About this exercise >> The whole listing is to be restated word for word with no images.

Information shown >>
╔══

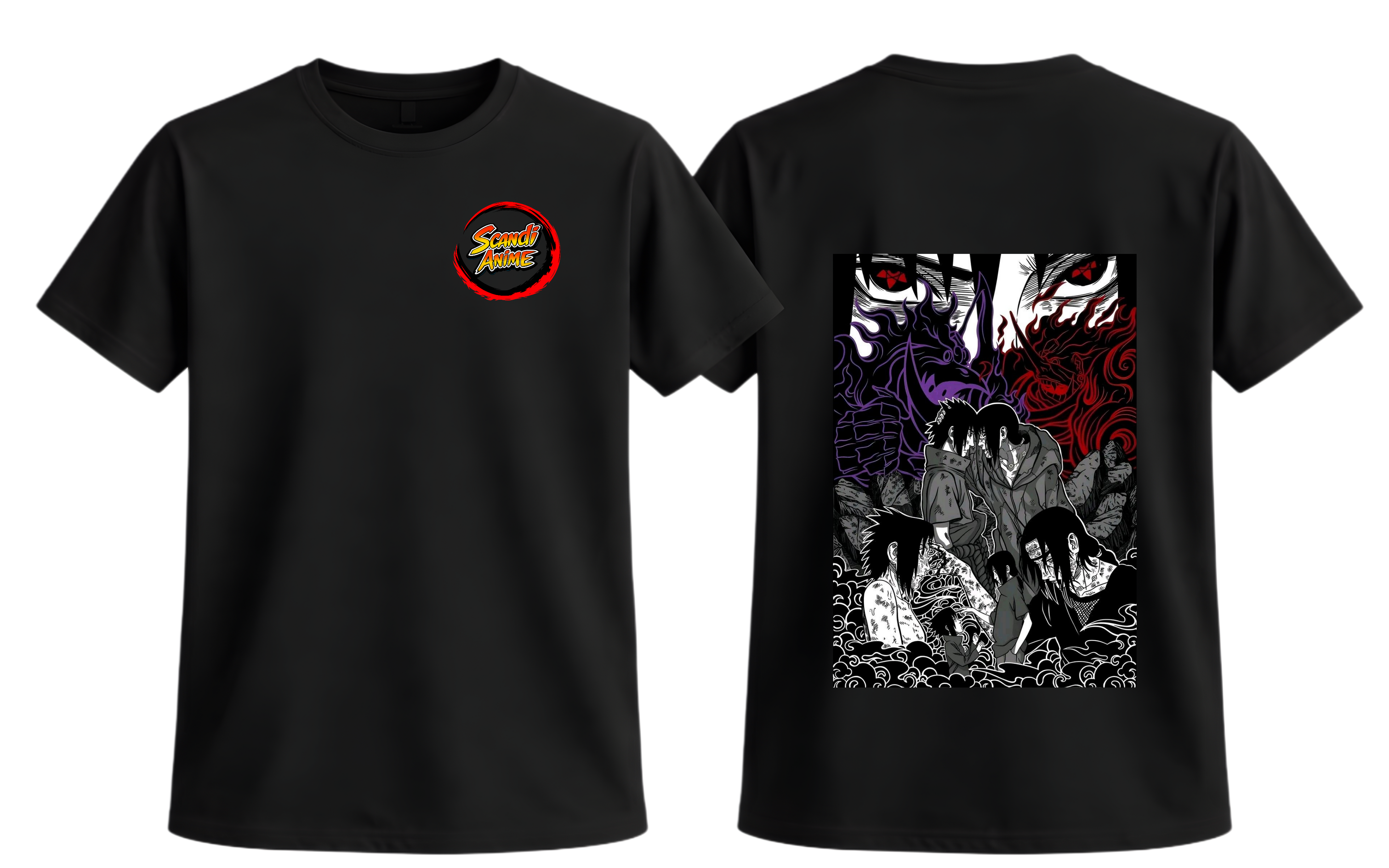 Black Sasuke and Itachi T-Shirt from ScandiAnime featuring graphic artwork of the Naruto characters on the front.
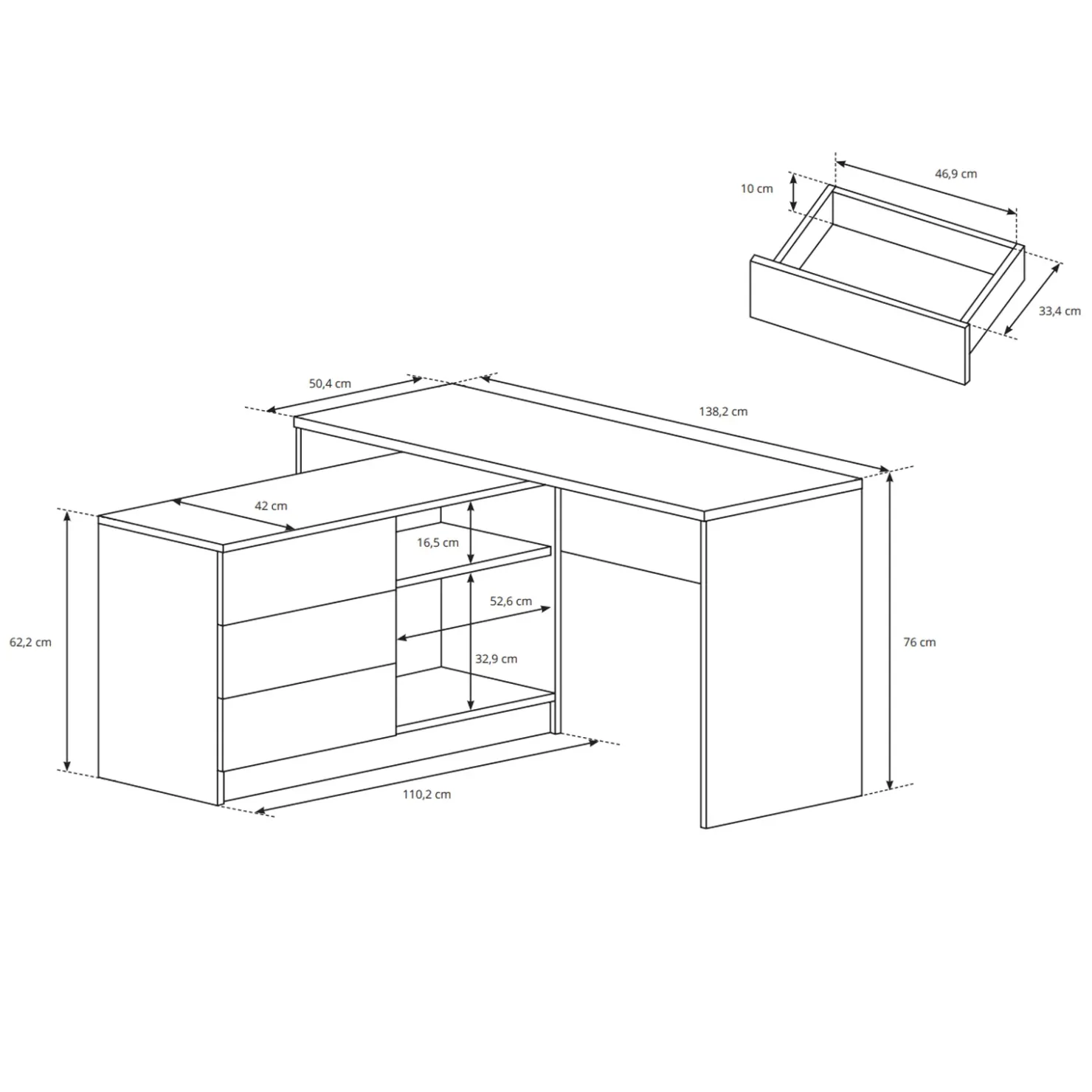 Garnero Arredamenti Scrivania angolare ufficio 138x110cm con cassettiera bianca Fallon Outlet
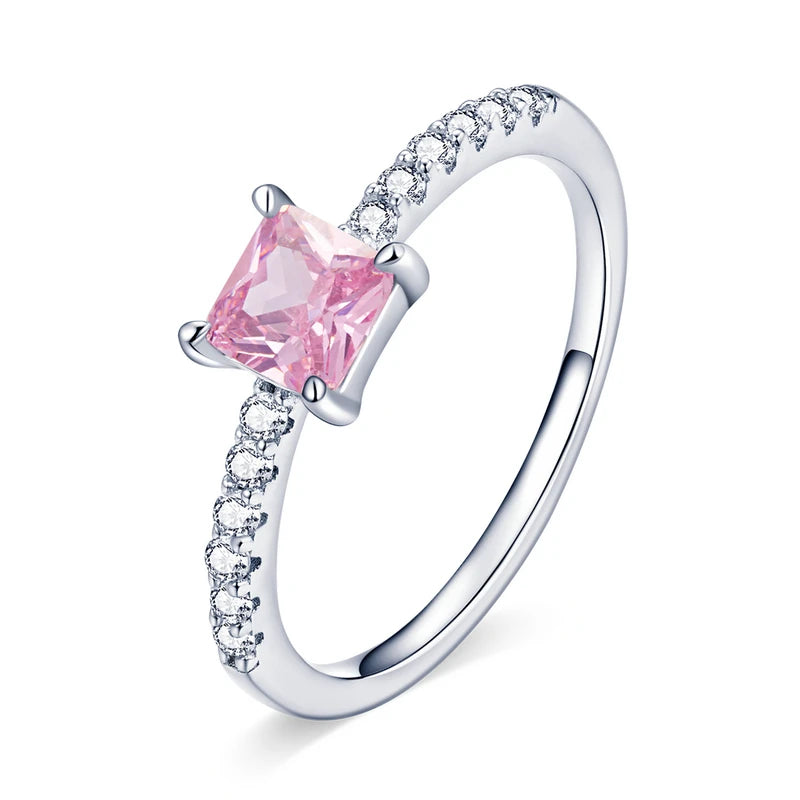 Pink Love Cubic Zirconia Ring 925 Sterling Silver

╚══

Response box >>
 Black Sasuke and Itachi T-Shirt from ScandiAnime featuring graphic artwork of the Naruto characters on the front.
 Garnero Arredamenti Scrivania angolare ufficio 138x110cm con cassettiera bianca Fallon Outlet
 Pink Love Cubic Zirconia Ring 925 Sterling Silver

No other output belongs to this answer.